(Stored data)

########################################

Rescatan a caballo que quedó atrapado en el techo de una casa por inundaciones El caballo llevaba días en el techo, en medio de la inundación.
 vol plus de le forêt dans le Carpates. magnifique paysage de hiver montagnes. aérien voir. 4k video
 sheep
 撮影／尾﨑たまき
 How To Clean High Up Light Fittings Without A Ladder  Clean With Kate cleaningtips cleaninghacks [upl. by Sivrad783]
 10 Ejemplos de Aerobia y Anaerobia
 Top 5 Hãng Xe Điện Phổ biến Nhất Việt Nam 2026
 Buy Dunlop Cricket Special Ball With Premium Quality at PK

########################################

→ The task: Each entry is to be given again, exactly as it stands.

→ Solution for this problem:
Rescatan a caballo que quedó atrapado en el techo de una casa por inundaciones El caballo llevaba días en el techo, en medio de la inundación.
 vol plus de le forêt dans le Carpates. magnifique paysage de hiver montagnes. aérien voir. 4k video
 sheep
 撮影／尾﨑たまき
 How To Clean High Up Light Fittings Without A Ladder  Clean With Kate cleaningtips cleaninghacks [upl. by Sivrad783]
 10 Ejemplos de Aerobia y Anaerobia
 Top 5 Hãng Xe Điện Phổ biến Nhất Việt Nam 2026
 Buy Dunlop Cricket Special Ball With Premium Quality at PK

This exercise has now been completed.